In May 2012, in the forest of Hambach, Germany, a group of activists set up camp to protest three things: the nearby lignite surface mine, expansionist policies, and the destruction of the forest. Marc Wendelski spent a year with them in the camp. His work is an ecological manifesto whose aesthetic distance gives it a formal and timeless dimension.
How did you get the idea for this report on fossil fuel mines in Germany and the activists who have lived there for over two years?
It was a combination of chance, a reevaluation of my own approach to photography, and a growing involvement in politics.
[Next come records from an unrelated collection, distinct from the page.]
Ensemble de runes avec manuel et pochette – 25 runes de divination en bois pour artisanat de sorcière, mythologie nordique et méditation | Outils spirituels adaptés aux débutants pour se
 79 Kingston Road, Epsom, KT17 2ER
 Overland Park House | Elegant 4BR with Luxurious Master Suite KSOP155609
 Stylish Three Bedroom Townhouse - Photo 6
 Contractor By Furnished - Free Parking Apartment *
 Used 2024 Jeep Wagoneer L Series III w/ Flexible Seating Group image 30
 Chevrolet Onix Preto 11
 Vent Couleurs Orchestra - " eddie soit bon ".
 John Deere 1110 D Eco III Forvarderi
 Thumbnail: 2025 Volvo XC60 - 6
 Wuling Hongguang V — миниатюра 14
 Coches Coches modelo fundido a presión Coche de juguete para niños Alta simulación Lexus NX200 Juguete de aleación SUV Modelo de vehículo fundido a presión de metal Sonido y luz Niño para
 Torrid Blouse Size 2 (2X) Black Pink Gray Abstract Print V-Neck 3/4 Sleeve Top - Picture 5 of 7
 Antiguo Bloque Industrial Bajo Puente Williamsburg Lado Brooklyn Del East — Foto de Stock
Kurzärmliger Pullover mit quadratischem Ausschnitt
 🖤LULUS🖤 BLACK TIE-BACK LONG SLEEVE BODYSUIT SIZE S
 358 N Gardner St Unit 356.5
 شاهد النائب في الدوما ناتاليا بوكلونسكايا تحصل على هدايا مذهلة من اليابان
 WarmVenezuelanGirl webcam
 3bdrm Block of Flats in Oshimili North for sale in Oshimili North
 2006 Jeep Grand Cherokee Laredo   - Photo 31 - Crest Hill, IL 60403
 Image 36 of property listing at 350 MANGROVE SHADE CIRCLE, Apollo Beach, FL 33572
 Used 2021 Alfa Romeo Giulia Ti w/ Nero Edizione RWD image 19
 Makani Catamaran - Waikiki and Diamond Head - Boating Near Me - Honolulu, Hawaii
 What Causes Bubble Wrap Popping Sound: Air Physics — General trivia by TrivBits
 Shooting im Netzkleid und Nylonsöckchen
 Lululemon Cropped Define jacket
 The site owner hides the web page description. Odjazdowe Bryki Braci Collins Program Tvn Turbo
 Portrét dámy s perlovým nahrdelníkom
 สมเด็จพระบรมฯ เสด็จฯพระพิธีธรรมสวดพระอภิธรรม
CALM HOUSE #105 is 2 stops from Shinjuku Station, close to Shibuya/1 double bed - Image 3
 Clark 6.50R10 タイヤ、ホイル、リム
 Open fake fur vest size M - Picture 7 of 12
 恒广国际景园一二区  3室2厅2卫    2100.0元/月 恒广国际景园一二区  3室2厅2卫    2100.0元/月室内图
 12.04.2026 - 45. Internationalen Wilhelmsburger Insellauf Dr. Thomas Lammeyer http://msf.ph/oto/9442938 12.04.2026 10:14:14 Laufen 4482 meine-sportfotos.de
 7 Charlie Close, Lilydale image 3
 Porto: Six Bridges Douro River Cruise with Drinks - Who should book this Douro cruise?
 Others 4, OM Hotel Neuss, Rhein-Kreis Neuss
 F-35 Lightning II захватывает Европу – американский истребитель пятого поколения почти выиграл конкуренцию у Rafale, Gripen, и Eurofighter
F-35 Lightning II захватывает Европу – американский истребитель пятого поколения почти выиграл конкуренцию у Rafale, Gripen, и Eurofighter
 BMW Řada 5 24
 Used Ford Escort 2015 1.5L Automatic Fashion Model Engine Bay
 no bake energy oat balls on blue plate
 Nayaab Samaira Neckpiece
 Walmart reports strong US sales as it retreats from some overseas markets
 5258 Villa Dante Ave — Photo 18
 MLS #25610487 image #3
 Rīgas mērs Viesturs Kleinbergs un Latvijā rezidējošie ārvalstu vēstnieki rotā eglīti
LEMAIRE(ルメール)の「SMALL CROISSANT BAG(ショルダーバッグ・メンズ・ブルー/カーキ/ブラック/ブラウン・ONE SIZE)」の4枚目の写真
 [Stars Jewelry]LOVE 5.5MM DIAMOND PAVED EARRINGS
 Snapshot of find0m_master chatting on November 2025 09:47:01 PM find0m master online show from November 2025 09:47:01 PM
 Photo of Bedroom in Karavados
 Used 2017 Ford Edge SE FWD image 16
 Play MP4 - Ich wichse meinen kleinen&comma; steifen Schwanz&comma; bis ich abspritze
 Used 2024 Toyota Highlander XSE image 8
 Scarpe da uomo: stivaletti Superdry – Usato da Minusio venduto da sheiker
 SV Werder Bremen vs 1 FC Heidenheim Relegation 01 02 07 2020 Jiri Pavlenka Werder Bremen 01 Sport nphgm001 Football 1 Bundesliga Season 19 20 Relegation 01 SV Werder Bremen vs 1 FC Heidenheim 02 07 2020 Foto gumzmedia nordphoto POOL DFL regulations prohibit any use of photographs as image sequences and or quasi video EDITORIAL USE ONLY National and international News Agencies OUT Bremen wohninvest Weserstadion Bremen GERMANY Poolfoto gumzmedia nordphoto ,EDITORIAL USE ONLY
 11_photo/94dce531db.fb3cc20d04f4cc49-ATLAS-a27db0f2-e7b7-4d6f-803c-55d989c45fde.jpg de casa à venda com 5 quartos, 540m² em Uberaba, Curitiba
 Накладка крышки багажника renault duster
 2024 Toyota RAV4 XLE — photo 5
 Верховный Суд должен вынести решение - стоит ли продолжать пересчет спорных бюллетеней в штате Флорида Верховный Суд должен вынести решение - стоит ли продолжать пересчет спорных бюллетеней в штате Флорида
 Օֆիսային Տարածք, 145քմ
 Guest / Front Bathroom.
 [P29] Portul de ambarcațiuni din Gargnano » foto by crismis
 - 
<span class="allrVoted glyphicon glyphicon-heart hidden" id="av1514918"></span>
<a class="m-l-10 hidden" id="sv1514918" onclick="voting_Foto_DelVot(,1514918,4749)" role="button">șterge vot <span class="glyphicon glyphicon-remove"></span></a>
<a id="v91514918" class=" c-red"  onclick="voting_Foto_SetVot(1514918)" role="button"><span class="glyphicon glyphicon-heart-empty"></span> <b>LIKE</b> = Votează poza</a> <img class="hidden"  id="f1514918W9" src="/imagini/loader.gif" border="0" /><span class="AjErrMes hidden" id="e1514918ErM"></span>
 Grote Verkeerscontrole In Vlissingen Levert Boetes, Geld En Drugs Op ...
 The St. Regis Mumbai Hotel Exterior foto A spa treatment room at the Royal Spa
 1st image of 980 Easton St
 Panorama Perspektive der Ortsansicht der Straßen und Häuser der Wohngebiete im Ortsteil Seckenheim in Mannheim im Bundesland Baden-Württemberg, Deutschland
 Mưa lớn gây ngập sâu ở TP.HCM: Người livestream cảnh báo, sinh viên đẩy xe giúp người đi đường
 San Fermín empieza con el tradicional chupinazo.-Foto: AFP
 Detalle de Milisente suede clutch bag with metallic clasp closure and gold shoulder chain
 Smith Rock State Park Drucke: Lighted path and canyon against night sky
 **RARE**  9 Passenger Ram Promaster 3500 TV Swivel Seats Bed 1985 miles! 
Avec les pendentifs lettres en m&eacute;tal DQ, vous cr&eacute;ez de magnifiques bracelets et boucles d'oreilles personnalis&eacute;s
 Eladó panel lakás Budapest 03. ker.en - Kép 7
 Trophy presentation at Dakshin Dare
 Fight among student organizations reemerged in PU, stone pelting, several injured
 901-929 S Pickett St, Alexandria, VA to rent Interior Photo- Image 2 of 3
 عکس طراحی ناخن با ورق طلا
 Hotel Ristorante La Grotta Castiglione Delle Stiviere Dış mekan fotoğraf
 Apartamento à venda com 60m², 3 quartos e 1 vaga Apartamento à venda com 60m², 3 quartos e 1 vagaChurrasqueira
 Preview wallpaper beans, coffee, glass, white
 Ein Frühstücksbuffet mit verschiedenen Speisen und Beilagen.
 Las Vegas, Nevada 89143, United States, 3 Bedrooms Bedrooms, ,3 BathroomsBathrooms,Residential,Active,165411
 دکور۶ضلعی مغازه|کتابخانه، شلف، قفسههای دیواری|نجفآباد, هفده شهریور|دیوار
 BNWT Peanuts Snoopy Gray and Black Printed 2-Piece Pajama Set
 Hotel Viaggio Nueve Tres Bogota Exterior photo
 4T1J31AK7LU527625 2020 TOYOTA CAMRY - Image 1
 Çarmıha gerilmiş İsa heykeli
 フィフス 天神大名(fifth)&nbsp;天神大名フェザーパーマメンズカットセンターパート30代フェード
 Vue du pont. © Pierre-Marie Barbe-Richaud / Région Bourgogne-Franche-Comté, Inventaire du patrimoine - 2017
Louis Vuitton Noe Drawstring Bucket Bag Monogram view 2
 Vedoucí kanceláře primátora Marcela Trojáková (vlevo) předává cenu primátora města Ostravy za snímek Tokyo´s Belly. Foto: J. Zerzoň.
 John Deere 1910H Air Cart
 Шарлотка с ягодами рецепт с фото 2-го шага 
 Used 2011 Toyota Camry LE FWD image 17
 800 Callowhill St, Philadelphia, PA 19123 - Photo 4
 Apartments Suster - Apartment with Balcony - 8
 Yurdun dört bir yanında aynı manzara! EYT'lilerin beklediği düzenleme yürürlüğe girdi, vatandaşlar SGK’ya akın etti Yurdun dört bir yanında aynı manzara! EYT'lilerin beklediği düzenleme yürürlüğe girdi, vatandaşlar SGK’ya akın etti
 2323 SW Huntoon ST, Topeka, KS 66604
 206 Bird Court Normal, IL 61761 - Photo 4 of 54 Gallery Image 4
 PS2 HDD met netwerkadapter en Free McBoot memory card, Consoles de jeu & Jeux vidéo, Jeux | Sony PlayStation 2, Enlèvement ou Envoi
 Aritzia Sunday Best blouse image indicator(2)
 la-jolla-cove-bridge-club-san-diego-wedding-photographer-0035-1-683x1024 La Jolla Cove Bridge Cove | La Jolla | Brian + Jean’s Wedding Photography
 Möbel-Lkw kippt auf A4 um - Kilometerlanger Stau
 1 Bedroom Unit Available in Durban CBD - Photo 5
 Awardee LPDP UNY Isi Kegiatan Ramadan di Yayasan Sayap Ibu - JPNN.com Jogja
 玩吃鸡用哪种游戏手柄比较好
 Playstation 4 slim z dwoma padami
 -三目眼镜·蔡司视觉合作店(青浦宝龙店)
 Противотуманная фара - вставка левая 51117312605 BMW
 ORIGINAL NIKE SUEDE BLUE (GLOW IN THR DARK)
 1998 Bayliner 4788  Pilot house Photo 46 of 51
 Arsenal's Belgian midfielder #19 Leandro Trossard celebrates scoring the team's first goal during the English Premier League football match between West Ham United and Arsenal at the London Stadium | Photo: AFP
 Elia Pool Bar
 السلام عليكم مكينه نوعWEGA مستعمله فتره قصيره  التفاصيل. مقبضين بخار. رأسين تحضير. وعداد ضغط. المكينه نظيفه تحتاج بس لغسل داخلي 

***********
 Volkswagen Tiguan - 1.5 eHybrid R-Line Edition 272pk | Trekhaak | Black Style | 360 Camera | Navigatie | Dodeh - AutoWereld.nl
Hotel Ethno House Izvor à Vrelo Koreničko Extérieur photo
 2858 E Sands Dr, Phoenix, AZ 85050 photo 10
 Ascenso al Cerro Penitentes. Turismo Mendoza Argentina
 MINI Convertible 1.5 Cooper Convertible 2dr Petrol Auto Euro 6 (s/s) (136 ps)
It was also a way to look outward and examine The Other, take his portrait and make it part of a documentary approach. One day, I read about the camp in a newsletter in a squat in Liège. I went for the first time and was shocked by what I saw, by the beauty of these young activists, by the visual power of their buildings, by the scale of the devastation. I went back every week for a year.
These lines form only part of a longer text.